Friday, July 3, 2009
471,000 Applications For Cash Handouts Sent Back With Wrong Addresses
TOKYO (Kyodo)–A total of 471,567 applications for the government’s pump-priming cash handout program have been sent back to municipalities as they were incorrectly addressed as of last Friday, the Internal Affairs and Communications Ministry said Friday.
The ministry said it will step up its publicity to call on households who have not received the cash benefits of up to 20,000 yen per person to file their applications as they are feared to fail to receive them.
Meanwhile, a survey showed 86.0 percent of households in 1,798 cities, towns and other municipalities across the country have received the cash handouts which have totaled 1,772.6 billion yen as of last Friday.

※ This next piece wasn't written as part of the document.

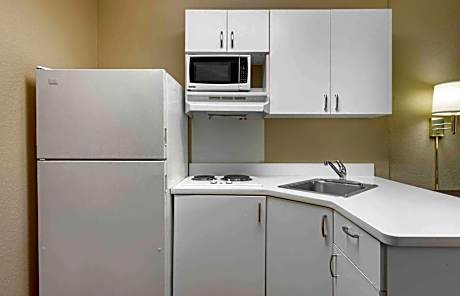 Studio with 1 King Bed - Non-Smoking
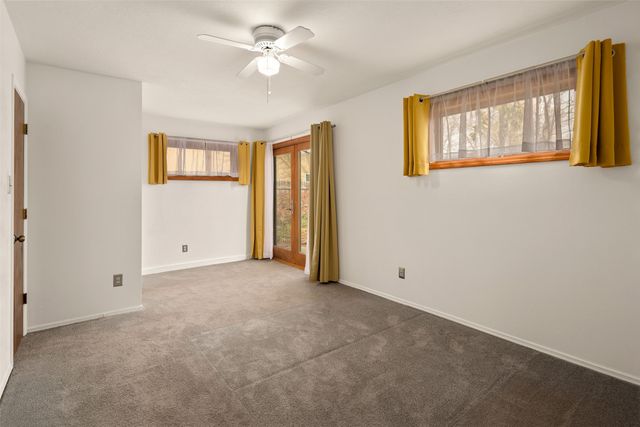 1225 Calle La Mirada, Santa Fe, NM 87507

The municipalities began providing the cash benefits in March to cover about 54.8 million households under the government’s economic stimulus plan.
Of the applications sent back, 73,000 were sent to foreigners, who have often failed to provide moving notices to municipalities in urban and other areas.
The households will lose their right to receive the cash handouts unless they file applications in six months after the municipalities began to accept applications.
“The wrong addresses” apparently means that the addresses on the applications somehow did not match their residence registry (住民票). This could be anything from a kanji mistake to the head of the household neglecting to update his address with the local authorities.
Since Japanese nationals only had to fill out one form per household (foreigners had to fill them out individually since they’re not listed on residence registries for now), each mistaken application might be for multiple people. If we assume the “average household size” of 2.56 people, and roughly assume that all of them were only eligible for the basic 12,000 yen, that means we could be talking about 14.5 billion yen up for grabs.
I wonder what happens if the households “lose their right to receive the cash”? The towns better not get to keep it. It’s about 115 yen apiece for the other 125 million people in Japan, or more than enough to build another of the controversial proposed national anime museum.